TORONTO, Nov. 09, 2017 (GLOBE NEWSWIRE) -- Platinex Inc. (CSE:PTX) (the "Company" or "Platinex") wishes to announce that it has entered into a letter of intent to acquire an interest in an edible brand in the State of Oregon and a non-brokered private placement up to $600,000.

Jim Trusler, CEO of Platinex commented: "We are pleased to announce this important milestone in the development of our cannabis strategy. Partnering with entrepreneurs to empower creativity is the cornerstone of the strategy, which is exemplified by this deal. When providing capital to entrepreneurs we believe that it is important to carefully develop the incentives, which is why we structured an investment in a form of a royalty. We also believe that there is a significant market gap in the edibles manufacturing market in Oregon, thus making a co-packing business an attractive value proposition. We look forward to providing more updates of this exciting opportunity as we continue to proceed."

Summary of The Transaction

Platinex has entered into a non-binding letter of intent ("LOI") to make an investment into a company ("Brand Company") that holds the rights to an edible brand that is known in the Southern and Western Oregon regions. The terms of the investment are being finalized and it is intended that Platinex will advance funds in exchange for the royalty interest in the Brand Company.

In addition, the LOI also provides for acquiring an interest in a company ("Co-Packing Company") that is in the final stages of obtaining a Processor License with the Oregon Liquor Control Commission ("OLCC") to manufacture cannabis-infused products. The Co-Packing Company is controlled by the same principals that own the Brand Company and will manufacture the products at the premises that are leased to the Co-Packing Company, along with other companies that may utilize the facility upon obtaining requisite regulatory approvals.

The transaction is subject to completing a due diligence review to the satisfaction of the Company and other conditions, which include but are not limited to: obtaining OLCC approval and entering into agreements to consummate the transfer of interests. There is no assurance that the transaction will be completed on the terms satisfactory to the Company or at all.

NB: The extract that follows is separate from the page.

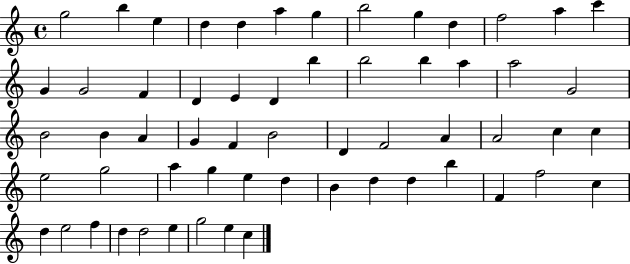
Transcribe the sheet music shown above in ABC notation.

Non-Brokered Private Placement

The Company also wishes to announce a non-brokered private placement (the "Private Placement") of up to 12,000,000 units ("Units") at $0.05/Unit to raise $600,000. Each Unit will consist of one common share ("Common Share") of the Company and one Common Share purchase warrant (each a "Warrant").  The closing date of the Offering is anticipated to occur on or about November 17, 2017 or such other date determined by the Company.

Each Warrant is exercisable into a Common Share at an exercise price of $0.15 for 24 months following  the first closing.  The warrants will provide that, if the average closing price of the common shares on the Canadian Securities Exchange is at least $0.25 for 20 consecutive trading days and the 20th trading day is at least four months after the first closing of the offering, the Corporation may elect to change the expiry of the warrants to a date which is at least 30 days following notice of that change given to warrant holders.

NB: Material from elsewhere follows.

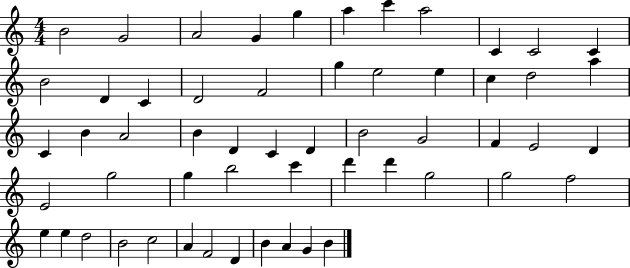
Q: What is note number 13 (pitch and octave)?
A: D4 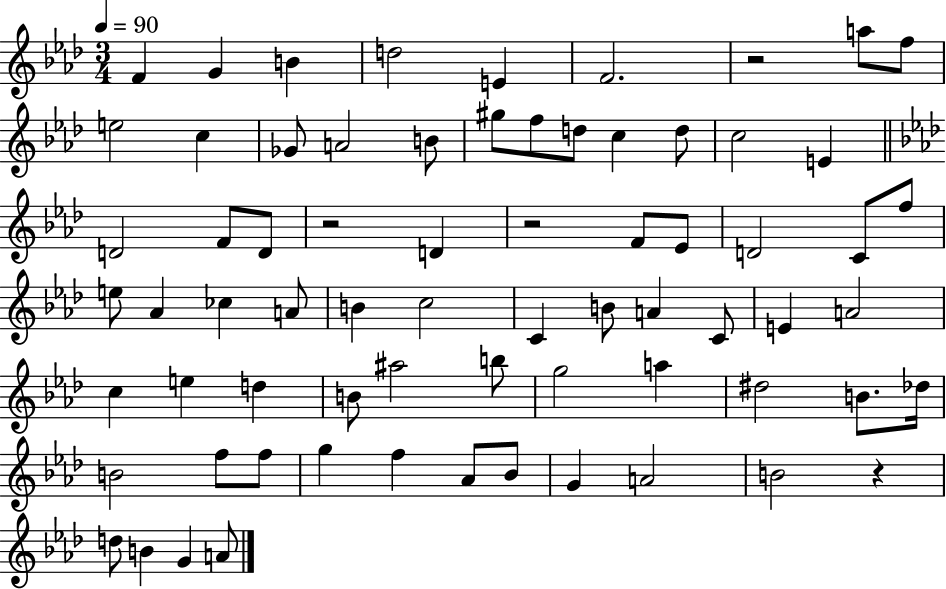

The Company will use the proceeds for working capital and pursuing acquisitions in the cannabis space.

The Company may pay a cash commission equal to 8% of the subscription price for the securities sold to purchasers introduced to the Corporation by the finder, and non-transferable broker warrants having a one year term to purchase shares equal in number to 8% of the units sold to the finder’s clients and consisting of one common share.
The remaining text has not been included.